UNI
Bangalore, Jan 4: About 4.5 lac traders in Karnataka will down their shutters as part of the state-wide bandh tomorrow, to protest against the State government's move to open up the agri-commodity business to private players by bringing an amendment to the APMC Act.
Speaking to UNI here, Federation of Karnataka Chamber of Commerce and Industry (FKCCI) President R C Purohit said that the JD(S)-BJP coalition government, under pressure from the Union government, had decided to amend the existing Agriculture Produce Marketing Committees Act of 1966, to pave the way for private players including MNCs to buy produce directly from farmers or set up wholesale markets anywhere, with the prior permission from the government.
This would adversely affect the interests of traders and others depending on it.
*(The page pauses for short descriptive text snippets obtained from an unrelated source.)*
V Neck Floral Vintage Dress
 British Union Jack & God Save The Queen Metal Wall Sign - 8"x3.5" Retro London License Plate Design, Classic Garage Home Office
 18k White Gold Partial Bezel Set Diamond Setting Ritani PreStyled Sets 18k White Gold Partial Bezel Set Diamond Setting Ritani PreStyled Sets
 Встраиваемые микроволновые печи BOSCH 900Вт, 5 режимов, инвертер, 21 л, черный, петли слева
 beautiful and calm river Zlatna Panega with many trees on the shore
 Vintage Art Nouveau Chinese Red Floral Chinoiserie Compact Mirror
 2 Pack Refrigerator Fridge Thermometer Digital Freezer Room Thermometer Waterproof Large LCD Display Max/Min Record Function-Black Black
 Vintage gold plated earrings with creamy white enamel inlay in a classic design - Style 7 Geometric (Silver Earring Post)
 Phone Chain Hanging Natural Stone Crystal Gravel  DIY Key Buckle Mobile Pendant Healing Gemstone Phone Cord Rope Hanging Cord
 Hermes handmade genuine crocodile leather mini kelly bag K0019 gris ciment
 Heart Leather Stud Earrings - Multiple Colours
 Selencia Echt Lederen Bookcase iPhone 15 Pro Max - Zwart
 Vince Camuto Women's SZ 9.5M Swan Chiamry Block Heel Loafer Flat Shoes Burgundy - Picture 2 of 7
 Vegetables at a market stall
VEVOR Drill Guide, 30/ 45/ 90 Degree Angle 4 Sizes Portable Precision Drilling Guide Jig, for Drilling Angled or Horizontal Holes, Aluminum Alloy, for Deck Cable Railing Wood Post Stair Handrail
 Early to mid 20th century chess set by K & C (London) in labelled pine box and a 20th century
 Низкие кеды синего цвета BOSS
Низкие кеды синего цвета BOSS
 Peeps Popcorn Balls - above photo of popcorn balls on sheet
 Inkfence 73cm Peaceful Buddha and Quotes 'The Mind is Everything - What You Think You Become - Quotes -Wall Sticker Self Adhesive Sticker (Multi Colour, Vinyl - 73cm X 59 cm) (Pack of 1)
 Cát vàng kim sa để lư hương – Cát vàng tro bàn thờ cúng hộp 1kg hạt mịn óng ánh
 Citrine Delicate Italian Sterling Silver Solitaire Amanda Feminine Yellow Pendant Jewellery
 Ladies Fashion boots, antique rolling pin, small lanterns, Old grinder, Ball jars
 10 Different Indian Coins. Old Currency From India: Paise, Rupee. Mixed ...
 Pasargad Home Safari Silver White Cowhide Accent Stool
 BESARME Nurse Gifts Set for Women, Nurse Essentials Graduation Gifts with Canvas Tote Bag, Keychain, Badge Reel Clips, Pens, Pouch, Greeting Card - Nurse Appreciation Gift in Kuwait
This might result in the 144 APMC markets in the state, which traded in 118 notified commodities redundant, he feared.
According to the draft rules the amendment would result in the government inviting private players to trade in commodities and allow them to buy commodities directly from the farmers.
Demanding a level playing field for the traders, Bangalore Wholesale Foodgrains and Pulses Merchants' Association President R C Lahoti said that the trade and industry in the State strongly opposed privatisation of the market and demanded the state government call the traders for discussion before effecting any amendment.
Hectic activity was seen in various wholesale markets in the State in view of tomorrow's bandh. Heavy demand was witnessed for commodities, mainly pulses, potato and onion, in the Yeshwantpur market in the city on Thursday.